YOUR GOAL = With the pictures set aside, write out all of the data exactly as it stands.

SUPPLIED DATA =
§ §
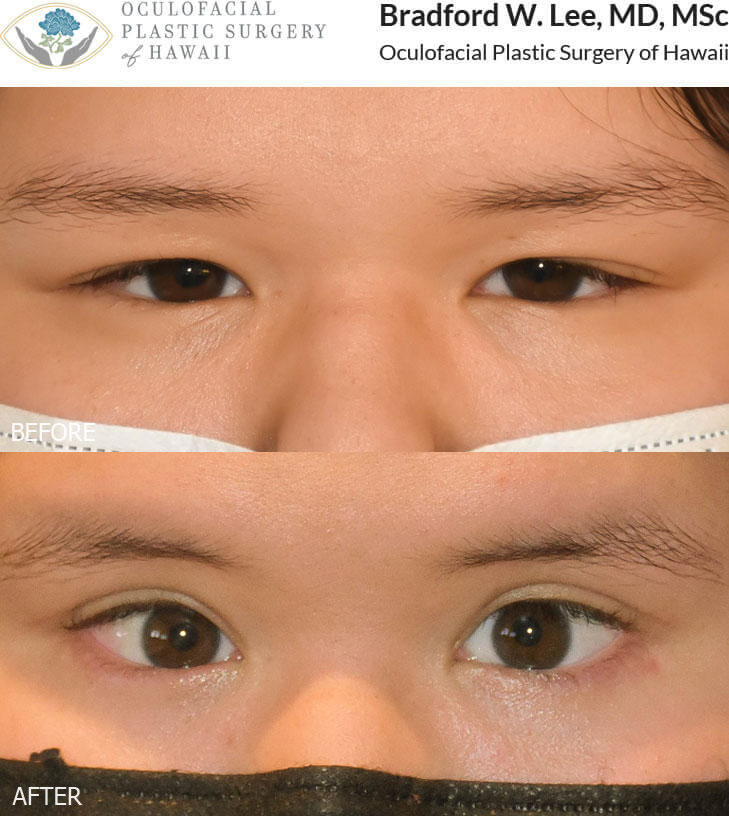 This 16-year-old Asian/Latina patient was bothered by her squinty eyes, heavy upper eyelids, and lower lids with lashes that curled inwards and rubbed on her corneas. She underwent an Asian upper blepharoplasty and lower lid epiblepharon repair to open the eyes, improve the visibility of her eyelid crease, and rotate the lashes on the lower eyelids away from the eyes.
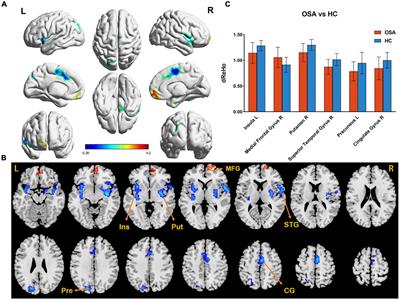 Dynamic regional homogeneity alterations and cognitive impairment in patients with moderate and severe obstructive sleep apnea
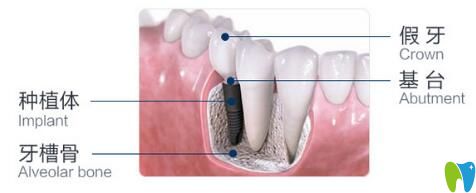 長沙好牙依口腔牙齒種植原理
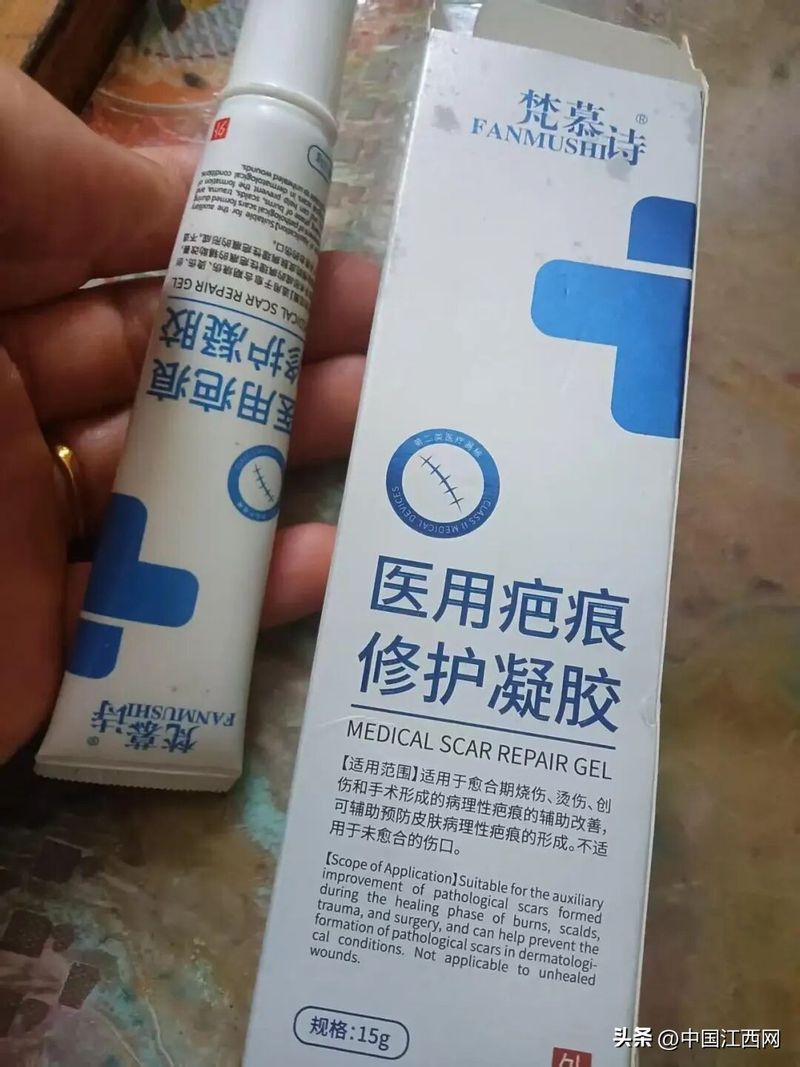 割双眼皮多少钱全隔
§ §
OUTPUT FOR THIS TASK =
 This 16-year-old Asian/Latina patient was bothered by her squinty eyes, heavy upper eyelids, and lower lids with lashes that curled inwards and rubbed on her corneas. She underwent an Asian upper blepharoplasty and lower lid epiblepharon repair to open the eyes, improve the visibility of her eyelid crease, and rotate the lashes on the lower eyelids away from the eyes.
 Dynamic regional homogeneity alterations and cognitive impairment in patients with moderate and severe obstructive sleep apnea
 長沙好牙依口腔牙齒種植原理
 割双眼皮多少钱全隔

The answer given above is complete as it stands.